Ich steh vor folgendem Problem: Ich habe eine Seite auf der Informationen angezeigt werden, die seite stellt die Informationen mit einem Javaskript dar.

Jetzt würde ich gerne das was auf der Seite angezeigt wird mit einem Javaprogramm auslesen und in eine datei schreiben zur weiteren verarbeitung.

Auf der Suche im Netz bin ich auf ein Eintrag im Forum von Java-Forum.org gestossen der mir schon etwas weitergholfen hat.

Leider arbeitet das Programm das ich gefunden habe so das es den Quellcode der Seite ausgibt und nicht was wirklich im Browserfenster dargestellt wird, wass bei meiner seite ein problem ist da dort kein darstelbarer quelltext vorhanden ist.

Ich hoffe ihr versteht mein Problem und könnt mir helfen oder gute tipps geben.
Vielen Dank schonmal im vorraus


----------



## Windhund (14. November 2010)

Also nach etwas rumprobieren hat es letztendlich doch geklappt, wenn es jemand interessiert, hier ist der code um den Text einer Seite in eine Datei zu schreiben:


> try
> {
> BufferedWriter out = new BufferedWriter(new FileWriter(
> "C:\\Users\\user\\Documents\\lst.txt"));
> ...



Jetzt wird mein Problem leider noch etwas Komplizierter...
Die seite aktuallisiert sich selbstständig und das kann zufällig nach nach ner stunde oder auch nach 2 sec sein.

Das Programm soll später auf einen erscheinenden Eintrag reagieren und einen Alarm auslösen wobei mir wichtig ist das sobalt der Eintrag erscheint sofort der Alarm ausgelöst wird und nicht erst nach einer warte zeit.

Kann mir Jemand einen Tipp oder Ansatzpunkt geben wie ich sobalt eine Aktualisirung der Seite stattfindet mein Programm dazu veranlasse die seite neu herunter zu laden?

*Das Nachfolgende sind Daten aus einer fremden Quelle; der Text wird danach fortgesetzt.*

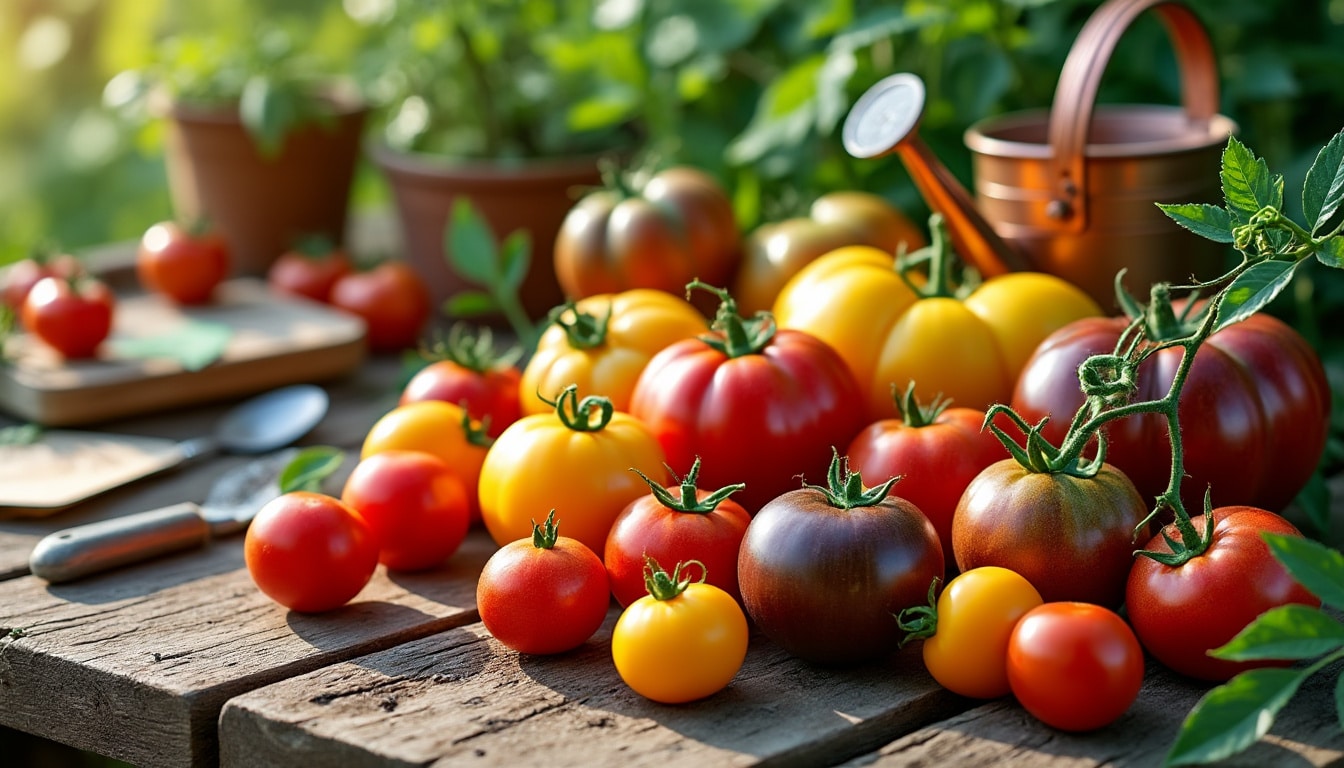 plongez dans l'univers des tomates de mi-saison avec notre guide sur 8 variétés à semer dès mars. apprenez à cultiver des tomates savoureuses et profitez d'un jardin florissant tout l'été !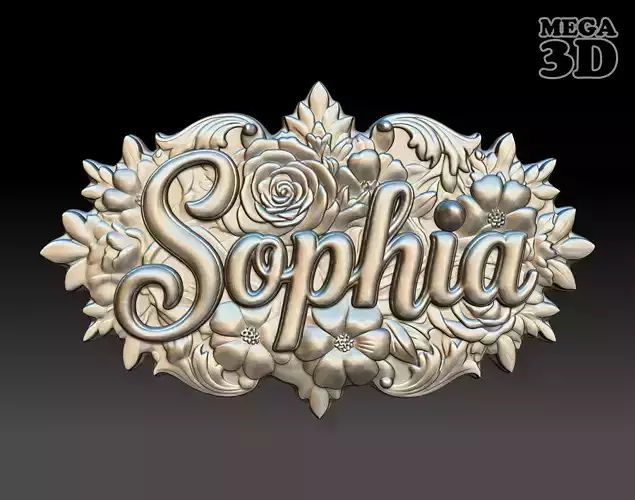 Sophia Floral Name Pendant  - 250707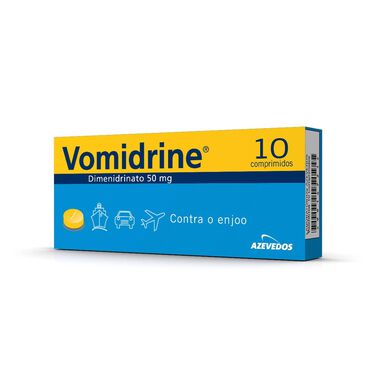 Vomidrine Tratamento Contra o Enjoo Wells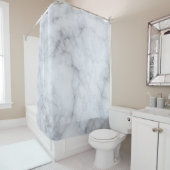 灰色の大理石のテクスチャ シャワーカーテン (インサイチュ)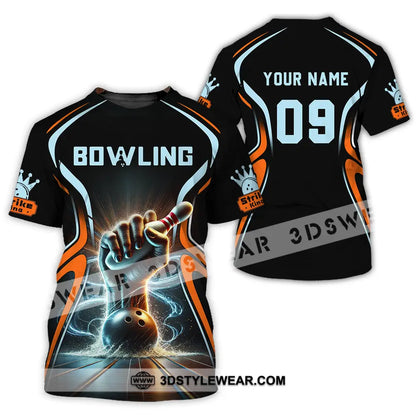 Unisex Shirt - Custom Text Shirt Bowling T-Shirt / S T-shirt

Oder bleibt mir wirklich nur die Möglichkeit die Seite selbst permanent zu aktuallisieren?


----------



## zeja (14. November 2010)

Hast du denn nachgeschaut ob du die Informationen von der Seite nicht über eine Quelle wie WebService oder so bekommen kannst, die dafür da ist sowas zu machen?


----------